A Schematic workflow of the GBM transcriptome analysis for candidate identification based on TCGA GBM patient datasets. B Depiction of differentially expressed genes (DEG; GBM versus normal brain) found in the TCGA GBM patient cohorts. Significantly up- and downregulated genes are shown in red and blue, respectively, and determined by ANOVA with a cut-off |Log₂ (fold change GBM versus normal brain)| > 0.3, p <  0.05, using GEPIA web tool. C Alignment of differential gene expression levels from TCGA, presented as Log₂ (fold), and the gene expression levels from the RNA-seq data of GBM cell models (Log₂ CPM; n = 4) shown as Z-score.
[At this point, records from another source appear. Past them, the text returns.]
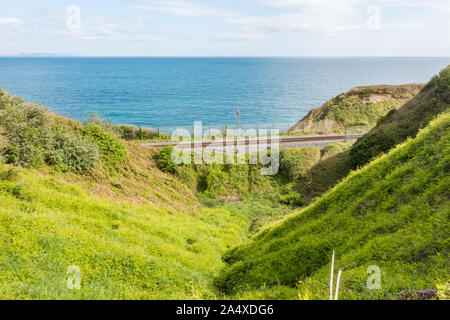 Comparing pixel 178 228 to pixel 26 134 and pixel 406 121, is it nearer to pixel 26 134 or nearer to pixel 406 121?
pixel 26 134

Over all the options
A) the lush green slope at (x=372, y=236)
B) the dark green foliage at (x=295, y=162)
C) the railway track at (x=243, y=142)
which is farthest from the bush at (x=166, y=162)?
the lush green slope at (x=372, y=236)

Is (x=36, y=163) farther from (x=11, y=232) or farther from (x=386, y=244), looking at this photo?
(x=386, y=244)

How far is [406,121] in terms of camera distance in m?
25.3

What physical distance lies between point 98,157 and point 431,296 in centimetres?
1764

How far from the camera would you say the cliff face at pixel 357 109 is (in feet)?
166

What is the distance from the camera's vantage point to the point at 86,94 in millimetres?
121562

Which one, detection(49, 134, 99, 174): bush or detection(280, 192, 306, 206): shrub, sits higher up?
detection(49, 134, 99, 174): bush

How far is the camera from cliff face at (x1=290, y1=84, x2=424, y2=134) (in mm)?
50625

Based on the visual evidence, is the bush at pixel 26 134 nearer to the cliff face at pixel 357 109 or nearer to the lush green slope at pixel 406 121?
the lush green slope at pixel 406 121

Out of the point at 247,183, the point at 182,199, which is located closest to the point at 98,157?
the point at 182,199

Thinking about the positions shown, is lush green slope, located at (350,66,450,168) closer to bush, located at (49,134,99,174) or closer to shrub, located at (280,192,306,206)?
shrub, located at (280,192,306,206)

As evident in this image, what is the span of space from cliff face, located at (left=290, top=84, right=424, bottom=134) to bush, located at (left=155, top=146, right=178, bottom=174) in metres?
28.0

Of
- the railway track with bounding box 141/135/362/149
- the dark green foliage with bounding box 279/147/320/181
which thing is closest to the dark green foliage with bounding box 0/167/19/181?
the railway track with bounding box 141/135/362/149

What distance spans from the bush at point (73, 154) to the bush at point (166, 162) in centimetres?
714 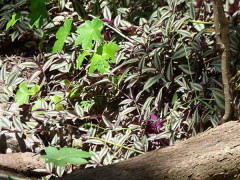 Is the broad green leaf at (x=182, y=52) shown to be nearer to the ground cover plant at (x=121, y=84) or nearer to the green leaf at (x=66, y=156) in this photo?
the ground cover plant at (x=121, y=84)

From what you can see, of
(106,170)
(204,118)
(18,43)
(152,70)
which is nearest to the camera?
(106,170)

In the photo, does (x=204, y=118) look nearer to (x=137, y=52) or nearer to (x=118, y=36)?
(x=137, y=52)

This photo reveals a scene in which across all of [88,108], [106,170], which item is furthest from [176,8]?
[106,170]

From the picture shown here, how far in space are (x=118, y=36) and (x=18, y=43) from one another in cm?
96

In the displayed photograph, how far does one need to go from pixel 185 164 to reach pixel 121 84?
1122 millimetres

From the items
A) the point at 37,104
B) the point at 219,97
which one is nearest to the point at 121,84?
the point at 37,104

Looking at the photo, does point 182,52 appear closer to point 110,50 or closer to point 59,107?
point 110,50

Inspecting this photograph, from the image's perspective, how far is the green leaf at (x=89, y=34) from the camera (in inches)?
98.3

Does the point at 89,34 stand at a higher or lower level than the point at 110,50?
higher

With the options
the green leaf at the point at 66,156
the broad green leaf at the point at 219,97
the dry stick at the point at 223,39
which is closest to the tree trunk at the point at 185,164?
the green leaf at the point at 66,156

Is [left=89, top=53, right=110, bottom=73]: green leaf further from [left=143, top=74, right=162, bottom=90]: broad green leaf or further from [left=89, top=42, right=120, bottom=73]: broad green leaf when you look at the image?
[left=143, top=74, right=162, bottom=90]: broad green leaf

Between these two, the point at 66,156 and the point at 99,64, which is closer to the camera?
the point at 66,156

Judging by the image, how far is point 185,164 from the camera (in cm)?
163

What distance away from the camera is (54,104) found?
2.74 meters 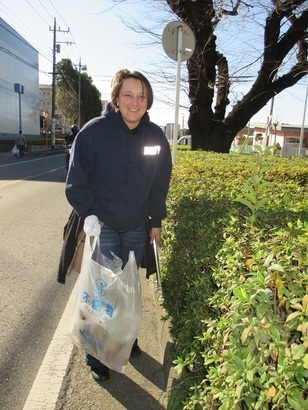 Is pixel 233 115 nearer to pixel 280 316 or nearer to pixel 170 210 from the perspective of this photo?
pixel 170 210

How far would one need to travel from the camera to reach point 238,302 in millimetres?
1327

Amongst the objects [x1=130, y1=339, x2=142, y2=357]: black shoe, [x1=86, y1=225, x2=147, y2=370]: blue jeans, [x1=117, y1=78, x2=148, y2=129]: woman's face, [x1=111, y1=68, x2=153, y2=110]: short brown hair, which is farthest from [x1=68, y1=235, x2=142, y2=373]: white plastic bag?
[x1=111, y1=68, x2=153, y2=110]: short brown hair

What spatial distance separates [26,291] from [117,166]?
7.37 ft

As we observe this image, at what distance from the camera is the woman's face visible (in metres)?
2.47

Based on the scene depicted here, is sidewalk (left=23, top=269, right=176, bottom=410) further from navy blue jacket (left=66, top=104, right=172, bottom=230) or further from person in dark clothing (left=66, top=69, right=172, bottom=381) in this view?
navy blue jacket (left=66, top=104, right=172, bottom=230)

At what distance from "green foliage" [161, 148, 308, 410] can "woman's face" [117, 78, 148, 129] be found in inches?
31.5

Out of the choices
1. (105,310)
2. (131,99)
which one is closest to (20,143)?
(131,99)

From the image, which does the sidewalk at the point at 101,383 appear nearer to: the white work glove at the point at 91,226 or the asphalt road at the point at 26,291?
the asphalt road at the point at 26,291

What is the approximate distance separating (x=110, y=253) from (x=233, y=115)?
325 inches

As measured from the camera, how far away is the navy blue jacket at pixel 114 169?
241 centimetres

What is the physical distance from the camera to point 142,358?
2.91 meters

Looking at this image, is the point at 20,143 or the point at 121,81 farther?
the point at 20,143

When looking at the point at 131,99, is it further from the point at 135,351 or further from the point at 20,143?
the point at 20,143

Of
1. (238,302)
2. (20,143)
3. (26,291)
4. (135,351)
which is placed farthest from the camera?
(20,143) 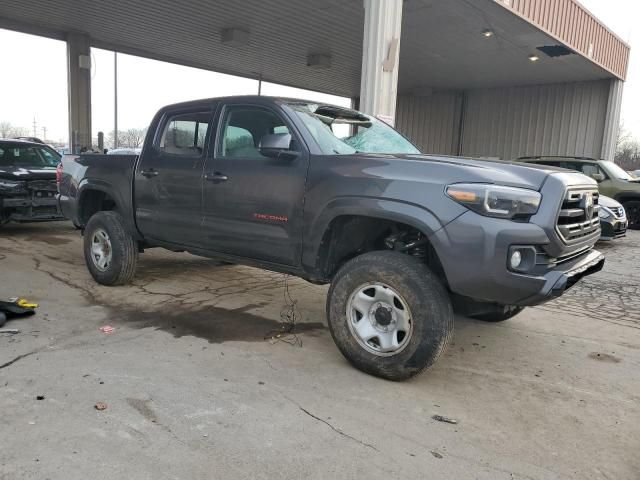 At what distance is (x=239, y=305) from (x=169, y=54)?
1490 centimetres

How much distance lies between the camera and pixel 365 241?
12.6 ft

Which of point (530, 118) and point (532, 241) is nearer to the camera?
point (532, 241)

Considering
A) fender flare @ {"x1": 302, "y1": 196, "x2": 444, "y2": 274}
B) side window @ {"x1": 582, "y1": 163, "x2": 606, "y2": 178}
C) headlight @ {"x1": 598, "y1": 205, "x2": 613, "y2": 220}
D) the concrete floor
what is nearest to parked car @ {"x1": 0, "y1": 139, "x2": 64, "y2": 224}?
the concrete floor

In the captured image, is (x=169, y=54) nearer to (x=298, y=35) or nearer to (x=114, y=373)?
(x=298, y=35)

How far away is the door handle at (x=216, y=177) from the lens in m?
4.27

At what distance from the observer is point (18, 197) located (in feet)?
27.4

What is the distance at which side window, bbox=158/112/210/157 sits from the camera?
15.3ft

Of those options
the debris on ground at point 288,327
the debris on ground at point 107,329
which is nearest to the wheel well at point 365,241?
the debris on ground at point 288,327

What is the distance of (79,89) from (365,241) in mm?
14853

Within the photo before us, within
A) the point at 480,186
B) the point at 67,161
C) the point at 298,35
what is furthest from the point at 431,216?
the point at 298,35

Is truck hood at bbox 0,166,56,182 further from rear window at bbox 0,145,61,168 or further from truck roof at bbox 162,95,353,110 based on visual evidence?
truck roof at bbox 162,95,353,110

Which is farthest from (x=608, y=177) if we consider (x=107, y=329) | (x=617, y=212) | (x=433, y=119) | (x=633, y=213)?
(x=433, y=119)

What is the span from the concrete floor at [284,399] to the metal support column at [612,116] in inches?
564

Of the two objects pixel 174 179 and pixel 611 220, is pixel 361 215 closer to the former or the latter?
pixel 174 179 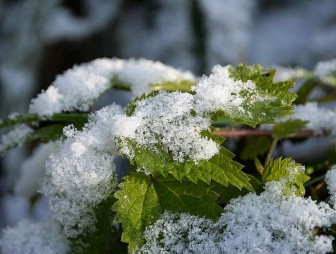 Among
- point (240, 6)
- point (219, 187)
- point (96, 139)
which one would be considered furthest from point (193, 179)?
point (240, 6)

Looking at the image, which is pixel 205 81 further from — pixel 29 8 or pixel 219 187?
pixel 29 8

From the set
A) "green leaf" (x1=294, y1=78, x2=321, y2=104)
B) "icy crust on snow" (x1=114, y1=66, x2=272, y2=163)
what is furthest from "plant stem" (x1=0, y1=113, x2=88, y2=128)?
"green leaf" (x1=294, y1=78, x2=321, y2=104)

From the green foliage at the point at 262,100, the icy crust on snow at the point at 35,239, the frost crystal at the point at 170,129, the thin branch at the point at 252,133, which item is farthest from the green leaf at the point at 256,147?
the icy crust on snow at the point at 35,239

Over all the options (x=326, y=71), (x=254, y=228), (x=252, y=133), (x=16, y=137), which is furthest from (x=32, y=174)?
(x=326, y=71)

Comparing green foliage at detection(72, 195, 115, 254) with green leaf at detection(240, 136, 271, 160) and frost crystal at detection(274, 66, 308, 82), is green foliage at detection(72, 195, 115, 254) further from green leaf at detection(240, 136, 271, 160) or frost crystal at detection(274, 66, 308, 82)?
frost crystal at detection(274, 66, 308, 82)

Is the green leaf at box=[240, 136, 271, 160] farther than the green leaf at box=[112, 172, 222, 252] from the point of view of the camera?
Yes

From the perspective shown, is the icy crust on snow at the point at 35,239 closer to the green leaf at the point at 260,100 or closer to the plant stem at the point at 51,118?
the plant stem at the point at 51,118
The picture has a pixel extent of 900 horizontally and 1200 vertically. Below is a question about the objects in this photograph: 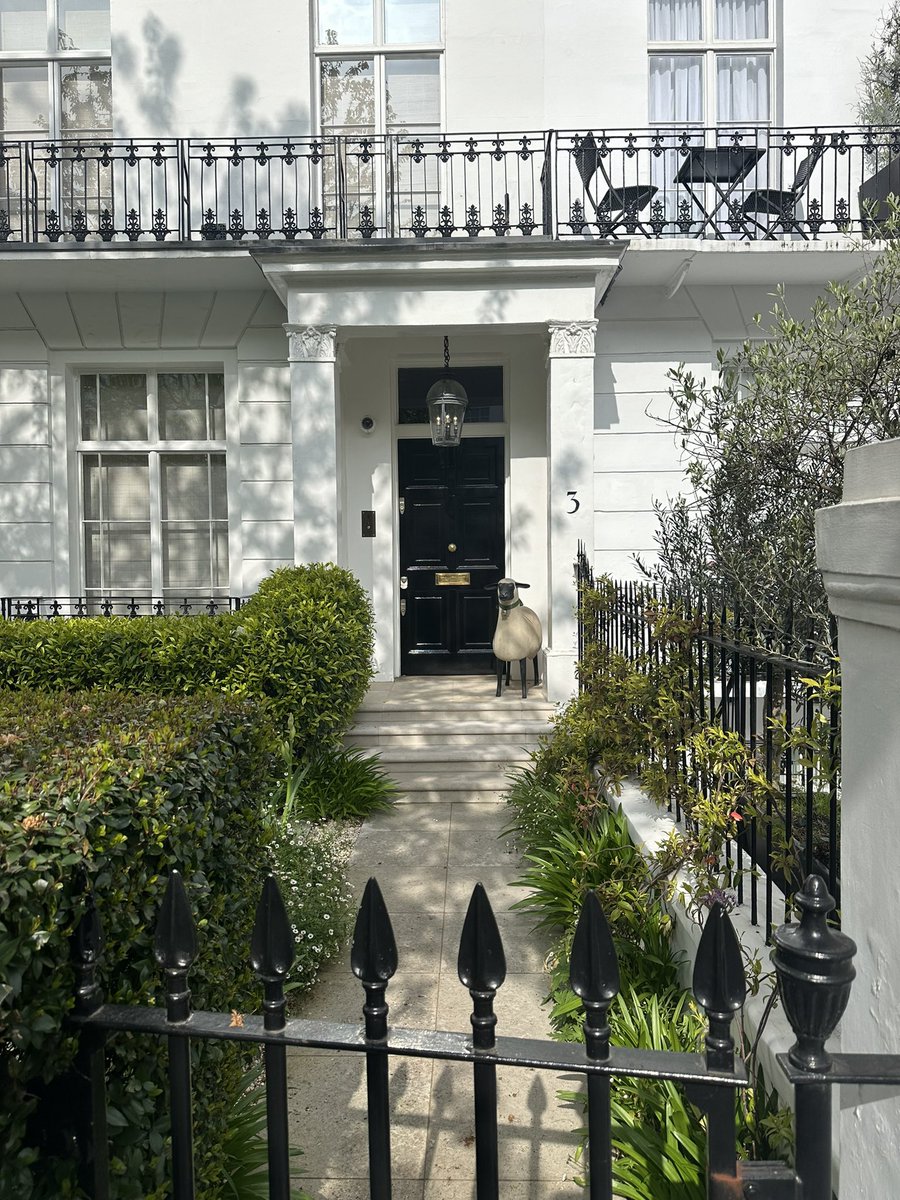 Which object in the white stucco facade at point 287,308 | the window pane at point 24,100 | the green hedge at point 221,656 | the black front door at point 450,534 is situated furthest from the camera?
the black front door at point 450,534

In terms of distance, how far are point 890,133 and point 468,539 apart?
239 inches

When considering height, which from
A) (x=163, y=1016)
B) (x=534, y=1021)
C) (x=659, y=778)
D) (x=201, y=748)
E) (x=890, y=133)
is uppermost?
(x=890, y=133)

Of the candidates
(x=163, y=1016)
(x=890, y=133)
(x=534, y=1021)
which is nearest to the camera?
(x=163, y=1016)

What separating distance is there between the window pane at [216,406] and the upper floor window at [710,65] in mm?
5727

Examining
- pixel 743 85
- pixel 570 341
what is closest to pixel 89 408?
pixel 570 341

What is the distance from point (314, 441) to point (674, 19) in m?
6.31

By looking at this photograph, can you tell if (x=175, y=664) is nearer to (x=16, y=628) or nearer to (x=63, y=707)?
(x=16, y=628)

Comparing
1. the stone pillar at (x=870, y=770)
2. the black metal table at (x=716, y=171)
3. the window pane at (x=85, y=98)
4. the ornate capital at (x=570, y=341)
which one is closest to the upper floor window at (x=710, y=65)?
the black metal table at (x=716, y=171)

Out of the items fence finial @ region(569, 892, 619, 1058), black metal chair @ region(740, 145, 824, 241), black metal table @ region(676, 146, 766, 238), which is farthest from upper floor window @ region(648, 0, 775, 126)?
fence finial @ region(569, 892, 619, 1058)

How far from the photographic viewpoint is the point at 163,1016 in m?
1.50

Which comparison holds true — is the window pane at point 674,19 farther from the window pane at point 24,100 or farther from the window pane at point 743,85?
the window pane at point 24,100

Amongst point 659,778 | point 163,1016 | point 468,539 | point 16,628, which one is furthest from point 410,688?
point 163,1016

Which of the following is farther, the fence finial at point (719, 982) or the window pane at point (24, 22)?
the window pane at point (24, 22)

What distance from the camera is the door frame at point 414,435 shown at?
1016 cm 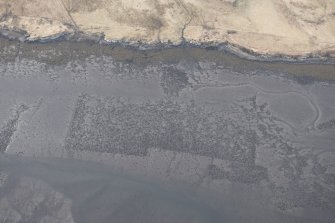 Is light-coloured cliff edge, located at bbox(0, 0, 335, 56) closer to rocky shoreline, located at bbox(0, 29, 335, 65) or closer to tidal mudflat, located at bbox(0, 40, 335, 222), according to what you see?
rocky shoreline, located at bbox(0, 29, 335, 65)

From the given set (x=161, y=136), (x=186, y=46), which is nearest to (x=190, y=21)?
(x=186, y=46)

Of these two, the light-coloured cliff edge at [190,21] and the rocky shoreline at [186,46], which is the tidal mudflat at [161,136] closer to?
the rocky shoreline at [186,46]

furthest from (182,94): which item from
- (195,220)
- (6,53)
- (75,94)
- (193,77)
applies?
(6,53)

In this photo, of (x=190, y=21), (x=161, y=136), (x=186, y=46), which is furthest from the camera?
(x=190, y=21)

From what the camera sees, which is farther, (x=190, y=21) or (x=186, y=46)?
(x=190, y=21)

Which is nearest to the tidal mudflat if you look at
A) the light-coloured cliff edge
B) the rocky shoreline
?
the rocky shoreline

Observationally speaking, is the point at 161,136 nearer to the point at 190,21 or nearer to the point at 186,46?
the point at 186,46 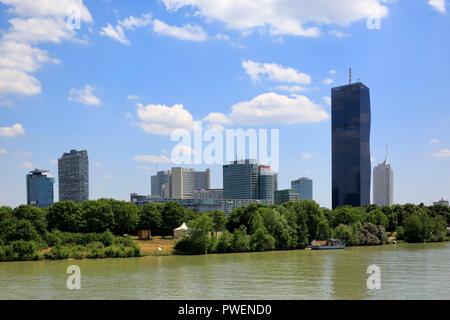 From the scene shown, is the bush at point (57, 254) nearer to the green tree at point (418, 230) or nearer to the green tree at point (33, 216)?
the green tree at point (33, 216)

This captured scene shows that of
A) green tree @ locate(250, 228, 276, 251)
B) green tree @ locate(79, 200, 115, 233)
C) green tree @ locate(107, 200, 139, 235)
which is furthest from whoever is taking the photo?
green tree @ locate(107, 200, 139, 235)

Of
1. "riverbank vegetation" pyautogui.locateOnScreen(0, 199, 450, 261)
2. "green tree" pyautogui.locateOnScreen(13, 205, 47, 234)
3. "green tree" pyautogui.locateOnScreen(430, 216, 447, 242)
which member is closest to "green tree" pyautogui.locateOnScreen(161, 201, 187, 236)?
"riverbank vegetation" pyautogui.locateOnScreen(0, 199, 450, 261)

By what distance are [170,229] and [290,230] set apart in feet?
72.2

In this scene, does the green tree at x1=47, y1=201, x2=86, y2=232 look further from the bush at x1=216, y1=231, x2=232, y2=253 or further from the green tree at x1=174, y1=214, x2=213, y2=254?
the bush at x1=216, y1=231, x2=232, y2=253

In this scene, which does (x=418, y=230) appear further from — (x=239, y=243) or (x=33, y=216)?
(x=33, y=216)

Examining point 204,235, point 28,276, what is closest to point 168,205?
point 204,235

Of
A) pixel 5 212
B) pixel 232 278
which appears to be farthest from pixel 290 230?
pixel 5 212

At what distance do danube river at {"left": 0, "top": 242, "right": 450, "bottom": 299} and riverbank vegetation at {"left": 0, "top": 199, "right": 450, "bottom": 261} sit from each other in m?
4.09

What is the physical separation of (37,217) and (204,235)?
78.4 ft

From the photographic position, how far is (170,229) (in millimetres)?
76375

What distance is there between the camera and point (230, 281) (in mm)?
33344

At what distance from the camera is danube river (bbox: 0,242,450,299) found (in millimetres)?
28344

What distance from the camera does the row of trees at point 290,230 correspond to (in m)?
57.9
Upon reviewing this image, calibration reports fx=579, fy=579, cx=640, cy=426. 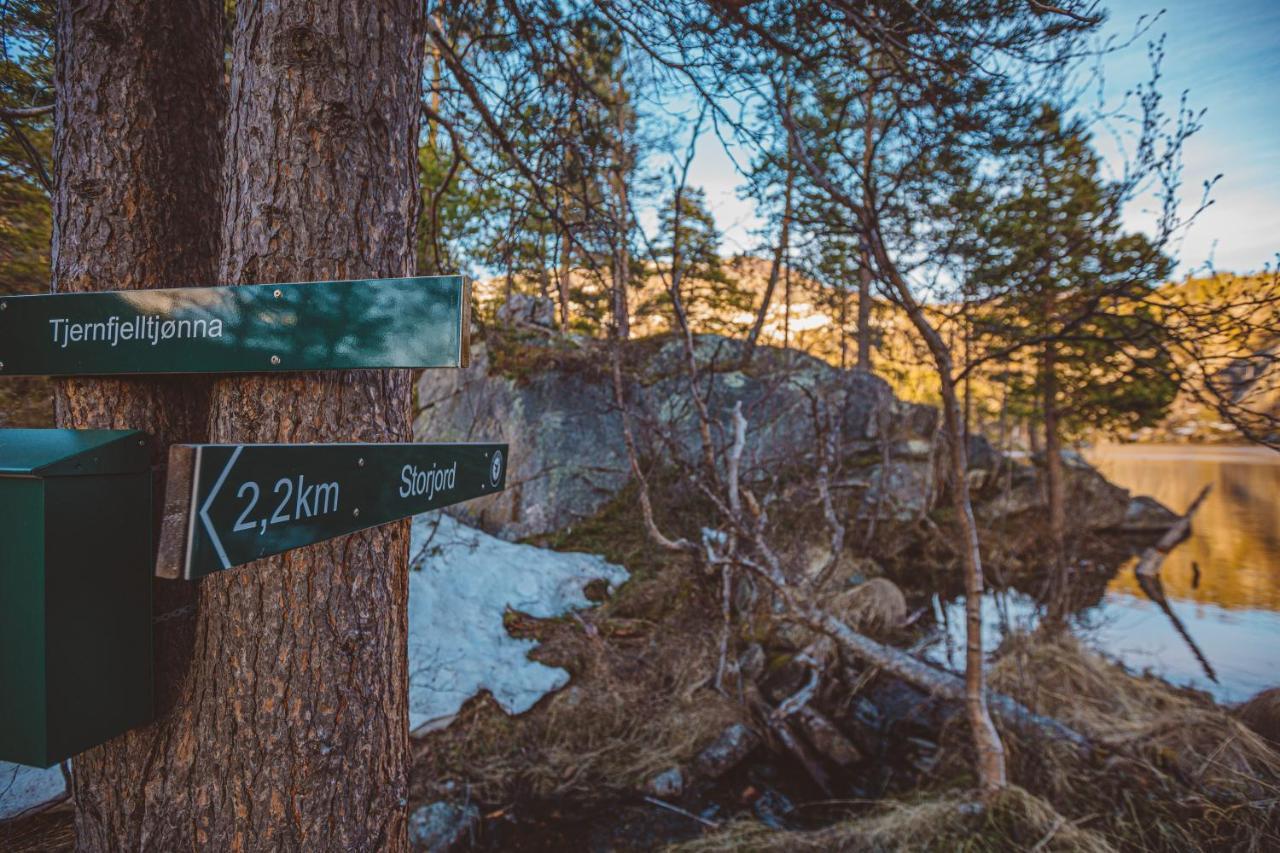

Heatmap was created with R and data were hierarchically clustered in rows based on DEG and in columns based on gene expression. D Waterfall plot of overexpressed genes from TCGA GBM patient cohorts ranked by high gene expression in GBM models displayed as -Log₁₀ (p-value; t-test; p < 0.05). The top-200 highly expressed genes were used for the selection of gene candidates associated with shorter overall survival of GBM patients (indicated). E Comparative mRNA expression in tumor and normal brain tissue. Data were obtained from TCGA GBM Affymetrix HT HG U133A dataset (Oncomine.com) and analyzed by one-way ANOVA (***p < 0.005). F Overall survival analyses based on gene expression (low versus high) from the TCGA GBM patient cohorts. Kaplan-Meier curves display the confidence intervals, the log-rank test p-values and the number of patients at risk. Data were downloaded from betastasis.com. G Identified hallmark biological processes for the 12 gene candidates from ‘E’ and ‘F’ using the hallmark gene set collection in gsea-msigdb.org.